The not-so-cynic in me believes that, as a service operator, having thousands of machines out there with a server-generated token being the thing stored on them rather than a username/password pair that's create by the human. It's so much less of a risk. Clients that store passwords locally mean that user generated password content leaks, and that's much more likely to be the same password they use elsewhere.
I'm not defending the use of OAUTH as the mechanism, it's quite clunky - but to say there's no benefits to bearer tokens instead of basic auth or 'user:pass' pairs - that misses a bunch of very legitimate operational concerns.
Yes, that's what got my attention about OAUTH in the first place.
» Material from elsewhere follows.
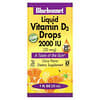 Liquid Vitamin D3 Drops, Citrus, 50 mcg (2,000 IU), 1 fl oz (30 ml)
I had written an app which wanted to be able to post to people's
Facebook or Twitter feeds and I really hated having to store their
passwords in the clear. I'm pretty sure I just implemented it with
a webview which is the most obvious way to do it which is what got
me to thinking "wait a minute, I totally own everything this thing
does". When it was just for things like FB and Twitter
authorization to do things on their behalf, that was one thing but
it's now being used for single sign on all over the place. I don't
know if SSO was an original design goal as they always used the
valet key analogy for its purpose but I doubt that is the most
common use case these days. While a compromised Twitter password
may not be a big deal (I mean, Twitter itself is compromised these
days), things like your gmail password may be of great value for,
say, password recovery.
So the long and short of it is that the problem has only gotten much worse from when I originally brought it up.